Exercise prompt: Your reply should reproduce the data below without a single alteration, apart from dropping the images.

Data shown:

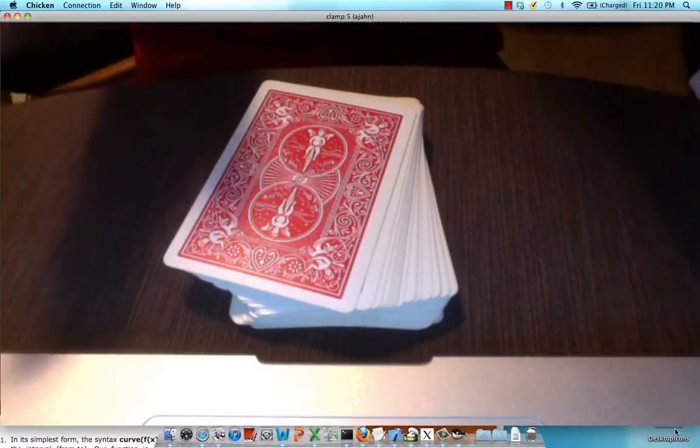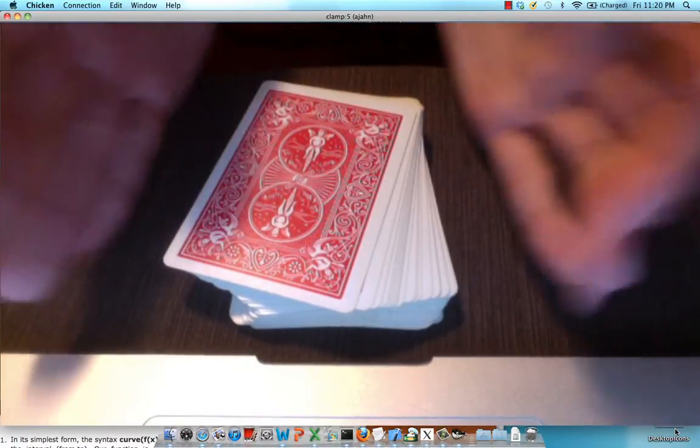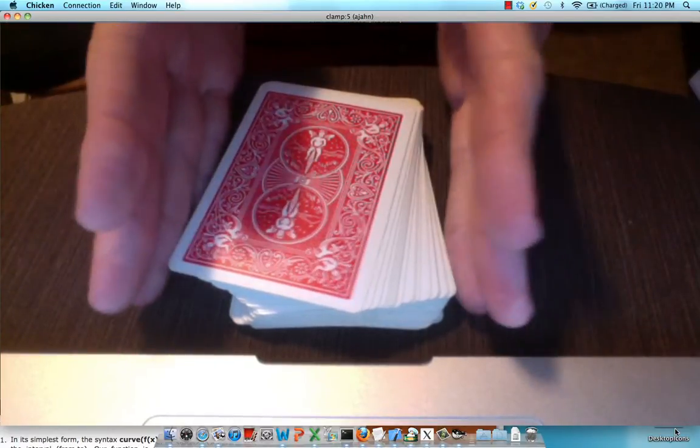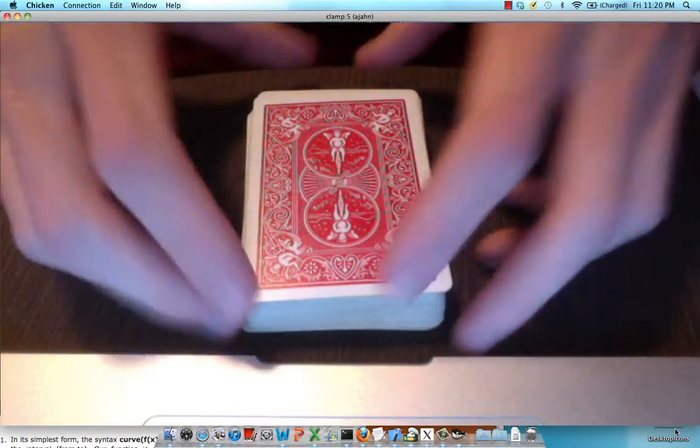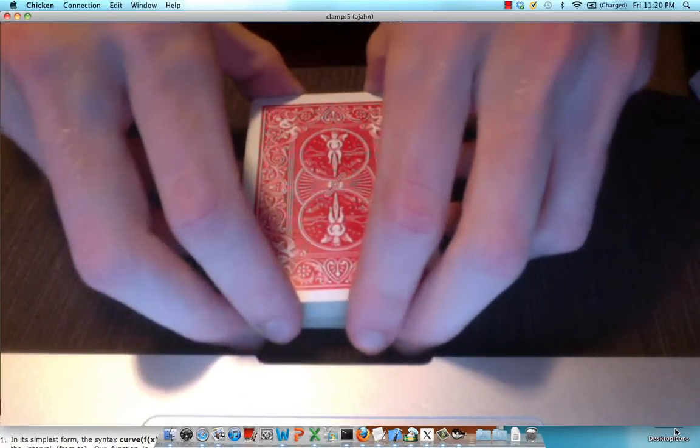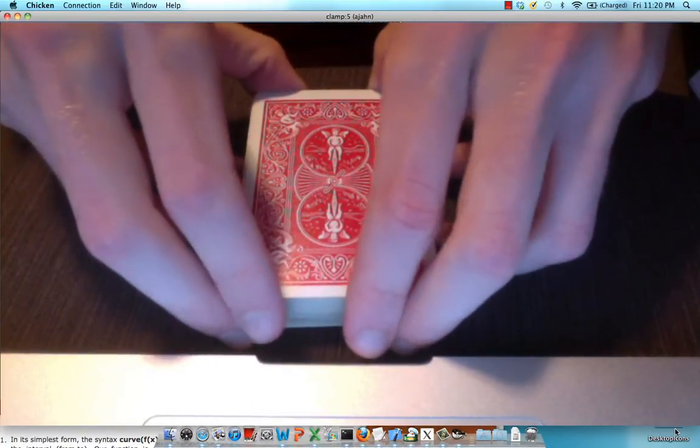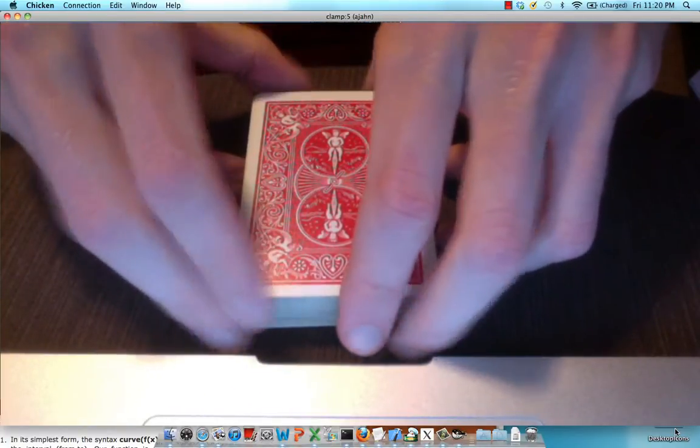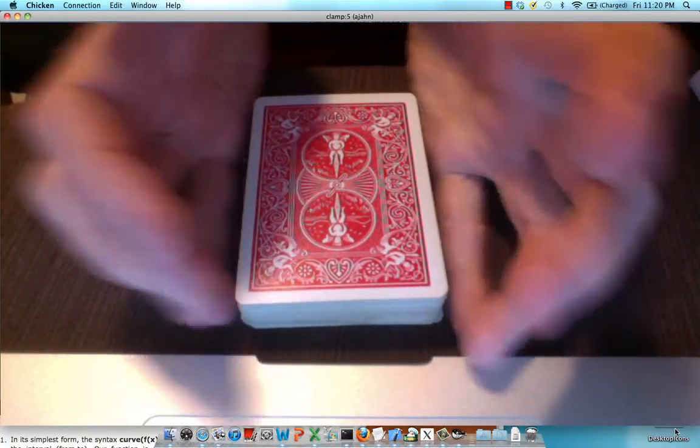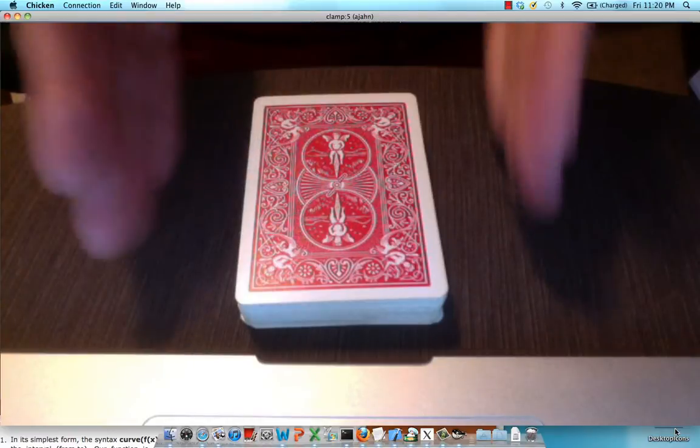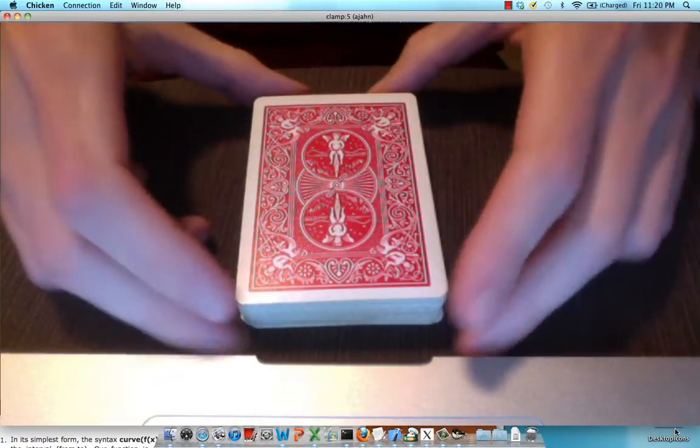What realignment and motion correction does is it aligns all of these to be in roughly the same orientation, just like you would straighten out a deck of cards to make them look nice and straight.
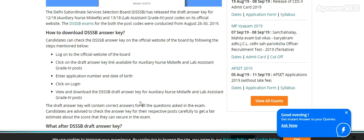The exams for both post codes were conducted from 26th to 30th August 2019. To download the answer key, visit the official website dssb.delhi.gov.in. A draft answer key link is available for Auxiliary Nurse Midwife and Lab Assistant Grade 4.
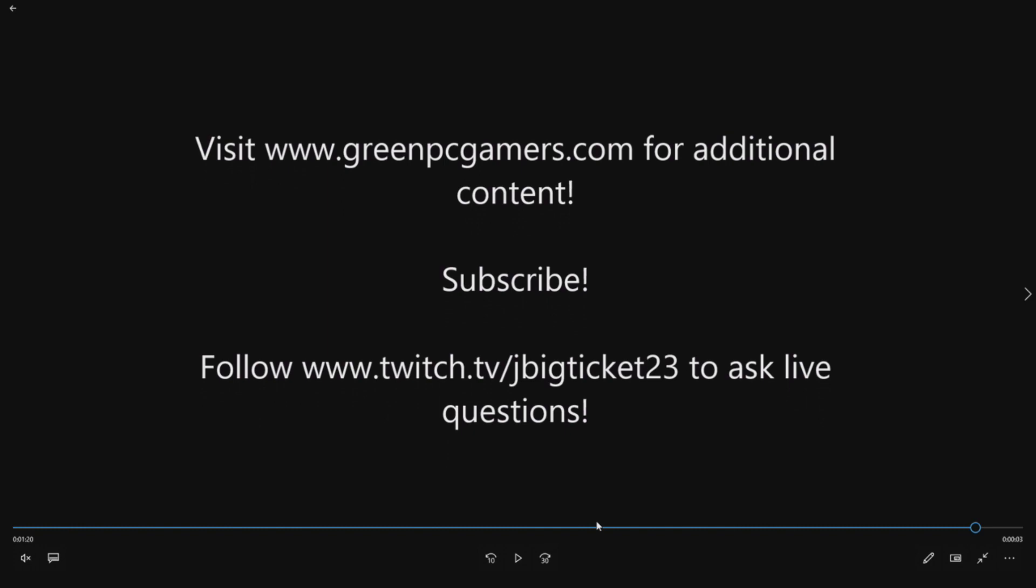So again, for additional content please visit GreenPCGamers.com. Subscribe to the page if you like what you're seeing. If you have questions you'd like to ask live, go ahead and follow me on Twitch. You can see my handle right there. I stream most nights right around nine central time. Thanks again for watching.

Answer below:
What realignment and motion correction does is it aligns all of these to be in roughly the same orientation, just like you would straighten out a deck of cards to make them look nice and straight.
The exams for both post codes were conducted from 26th to 30th August 2019. To download the answer key, visit the official website dssb.delhi.gov.in. A draft answer key link is available for Auxiliary Nurse Midwife and Lab Assistant Grade 4.
So again, for additional content please visit GreenPCGamers.com. Subscribe to the page if you like what you're seeing. If you have questions you'd like to ask live, go ahead and follow me on Twitch. You can see my handle right there. I stream most nights right around nine central time. Thanks again for watching.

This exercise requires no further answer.